21.10.2015
Envoi n°224. Jean-François Mathé "Chanson de l'amour"
Chanson de l’amour.
Tous ces fardeaux dans les nuages
tu les as faits tiens, mais crois-moi,
libre est le jour, comme un visage
que n’a pas regardé le roi.
Nuages, rois sont de passage,
nous restons ici toi et moi.
Aimons-nous sans ta chanson grise
qui mêle la pluie à l’amour.
Blancheur des lilas, des chemises
fleurissent encore et toujours
et mieux que je ne dis te disent
qu’il n’est que soleil dans l’amour.
Ne pleure plus, vois d’un œil sec
comment chaque oiseau se désaile
pour n’être qu’une pointe, un bec
qui cloue aux cœurs un peu du ciel.
Ce brin d’azur, partons avec
vers de graves péchés véniels.
Jean-François Mathé Chansons sans en avoir l’air in Revue Décharge 166. Juin 2015.

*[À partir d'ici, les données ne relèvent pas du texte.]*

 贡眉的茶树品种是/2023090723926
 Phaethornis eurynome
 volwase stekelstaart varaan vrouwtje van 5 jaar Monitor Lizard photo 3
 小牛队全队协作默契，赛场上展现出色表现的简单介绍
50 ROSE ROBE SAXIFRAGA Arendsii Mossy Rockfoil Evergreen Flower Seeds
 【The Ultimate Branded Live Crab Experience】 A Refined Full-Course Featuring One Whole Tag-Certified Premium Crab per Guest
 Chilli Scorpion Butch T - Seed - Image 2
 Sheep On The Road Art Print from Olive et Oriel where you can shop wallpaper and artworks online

Jean-François Mathé dans "Vous prendrez bien un petit poème ? " : envoi n°127 "Le soir vient d'abord dans les voix..." ; envoi n°128 " La main que j'avais enlevée..." ; envoi n°223 "Chanson des larmes".
19:43 | Lien permanent | Françoise
14.10.2015
Envoi n°223. Jean-François Mathé "Chanson des larmes"
Chanson des larmes
Les étoiles sont trop figées
pour devenir larmes qui coulent.
Leur faudrait mes yeux affligés
qui voudraient bien qu’enfin s’écoule
en perles claires, voire en houle
toute cette peine que j’ai.
Au lieu de larmes, des étoiles
ça me semblerait élégant :
j’aurais mouchoir de fine toile
pour les recevoir dignement,
les voir s’éteindre doucement
le temps que le chagrin se voile…
Mais je redeviendrais moi-même,
passant tout mon temps à chanter
sans atteindre le chant lui-même :
toujours s’éloigne ce qu’on aime
même retenu embrassé.
A quoi bon les larmes qu’on sème,
d’autres seront à amasser
et demain comme hier les mêmes.
Jean-François Mathé Chansons sans en avoir l’air in Revue Décharge 166. Juin 2015.

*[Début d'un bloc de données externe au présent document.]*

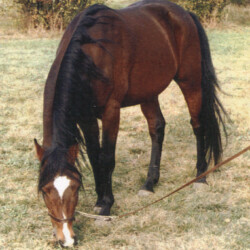 Greenway's Erin Rosslare, out of Greystone Erin Moireen by Greenway's Kilross. He had at least five foals, including Sir Galen's Gild of Ledgewood, out of Kerrymor's Littlest Angel, and Ledgewood's Benbaum, out of Heaven's Ridge Mistykil Sunset. (Photo by Kathy Manyo) Greenway's Erin Rosslare, out of Greystone Erin Moireen by Greenway's Kilross. He had at least five foals, including Sir Galen's Gild of Ledgewood, out of Kerrymor's Littlest Angel, and Ledgewood's Benbaum, out of Heaven's Ridge Mistykil Sunset. (Photo by Kathy Manyo)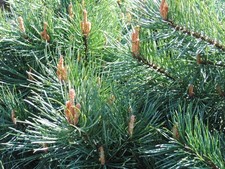 Scots Pine (Pinus Sylvestris) Conifer In 9 Cm Pot
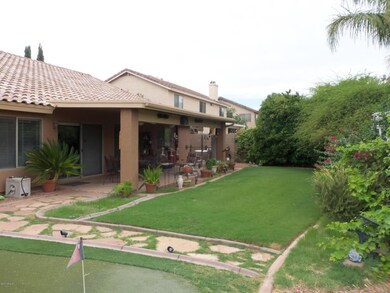 Backyard 2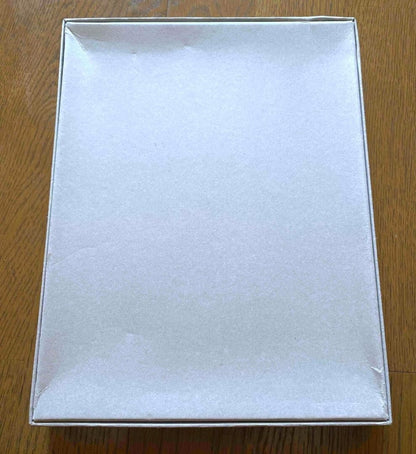 Saint Laurent Celine Box Rock Slimane Hedi Diary 2008 Photography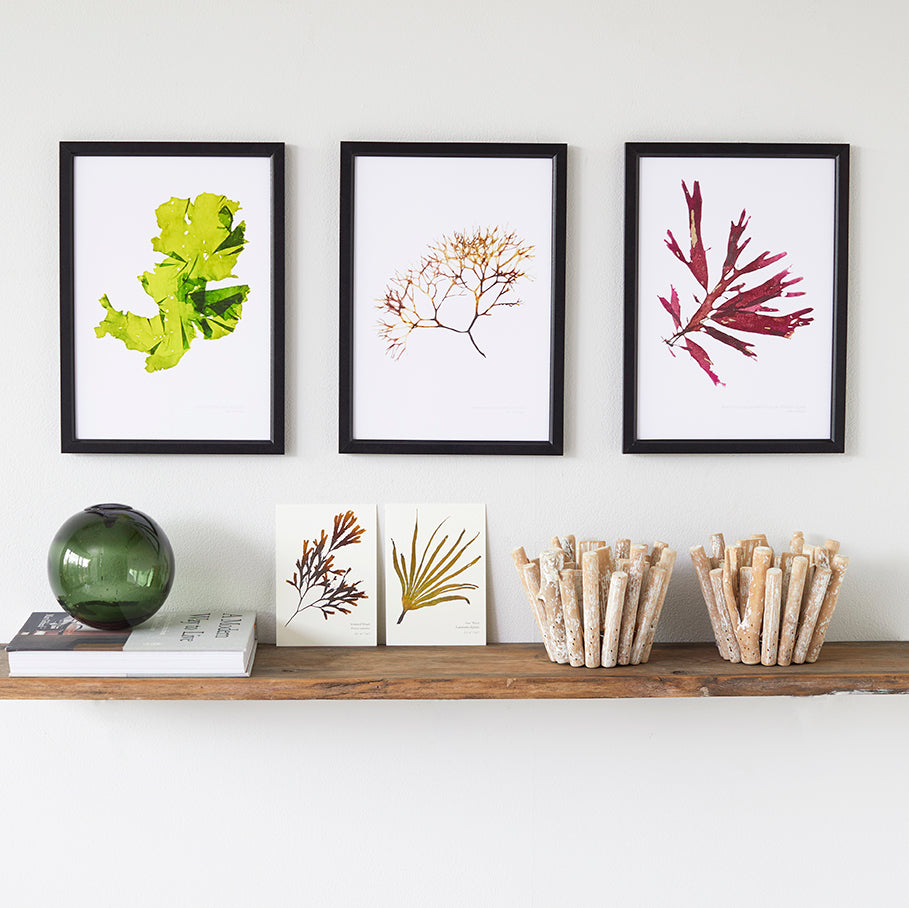 Seaweed Poster - Sea Lettuce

22:14 | Lien permanent | Françoise
07.10.2015
Envoi n°222. Claude Esteban "Le soir venu, ..."
Le soir venu, on se prépare pour un voyage
qui n’aura jamais lieu puisque bien sûr on ne part pas
mais c’est quand même chaque soir un moment
très extraordinaire car avant de tout quitter il faut
mettre en ordre sa maison et chacune de ses pensées
qui prenaient tant de place et n’en garder qu’une
ou deux, les plus légères, pour son bagage
le soir venu, c’est comme si quelqu’un
qui n’est pas vous disposait de chaque chose
à votre place, mais sans vous faire souffrir, juste
pour vous aider et l’on se prend, dieu sait pourquoi,
à aimer ce compagnon sans visage et quand il faut
partir on voudrait presque l’embrasser, lui qui ne
s’en va pas, et l’on reste avec lui, très tard, sous les ombrages.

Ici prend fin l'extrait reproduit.